Original Source Here
There are growing concerns about the scientific rigor of Machine Learning research. In a 2017 speech at the NIPS conference, Ali Rahimi and Ben Recht, then at Google AI, argued that ML has become alchemy, referring to the fact that practitioners use methods that work well in practice but are poorly understood on a theoretical level. Likewise, Francois Chollet, known as author of the Keras Deep Learning library, likens today’s ML practitioners to ‘cargo cults’, where people rely on ‘folklore and magic spells’.

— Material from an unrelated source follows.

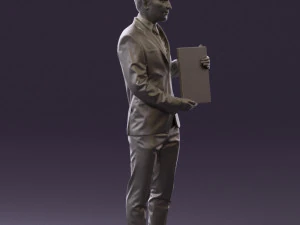 maninbluesuitdiploma0557wrl 3D Model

Alchemy, cargo cults, magic spells. This is noteworthy criticism about a field that has seen such a rapid progress, with increasingly wide-spread real-world applications. And it exactly the wide-spread use that worries Rahimi and Recht:
“If you’re building photo sharing services, alchemy is fine. But we’re now building systems that govern health care and our participation in civil debate. I would like to live in a world whose systems are build on rigorous, reliable, verifiable knowledge, and not on alchemy.”
ML is an empirical field: we simply don’t have a theory that would explain why certain methods work and others don’t, and it is not even clear if such a theory will ever exist. But the lack of theory by itself is actually not the main problem. Even in an empirical field of research, progress can be made in a scientifically rigorous way.
I argue that the crucial distinction between science and alchemy starts with the role that practitioners assign to the scientific hypothesis.
ML practitioners face an overwhelming amount of complexity, from dataset sampling and cleaning to feature engineering to model selection and hyper-parameter tuning. Tinkering with these components, and seeing what works best, usually on the test set, has become the norm.
But tinkering alone does not make a science. The fundamental difference is the role of the scientific hypothesis: scientists first formulate a hypothesis, and then design an experiment to test that hypothesis. The hypothesis is then either rejected or accepted, and either way, we have produced new knowledge. The scientific method is agnostic about the outcome of the experiment.
On the other hand, tinkering is not driven by hypotheses, but more by ‘gut feelings’. That’s ok if the goal is merely to explore a phenomenon. But things get dangerous when tinkering is being masqueraded as science by HARKing, i.e. formulating a hypothesis that fits the results after the results are known.
HARKing is misleading because it fools not only the researcher but the entire community. In the worst case, the researcher might perform a large number of experiments with different variations of an algorithm, pick the version that achieves the desired result, which in practice means that it beats the latest state-of-the-art benchmark, and apply HARKing to justify this choice. This is also colloquially known as SOTA-hacking.
Of course, the more random experiments are being run, the more likely it is to beat any given benchmark just by chance alone: this is also known as the look-elsewhere effect. Even worse, SOTA-hacking takes up resources that could be spent on actual innovation. Facebook engineer Mark Saroufim writes in ‘Machine Learning: The Great Stagnation’:
With State Of The Art (SOTA) Chasing we’ve rewarded and lauded incremental researchers as innovators, increased their budgets so they can do even more incremental research parallelized over as many employees or graduate students that report to them.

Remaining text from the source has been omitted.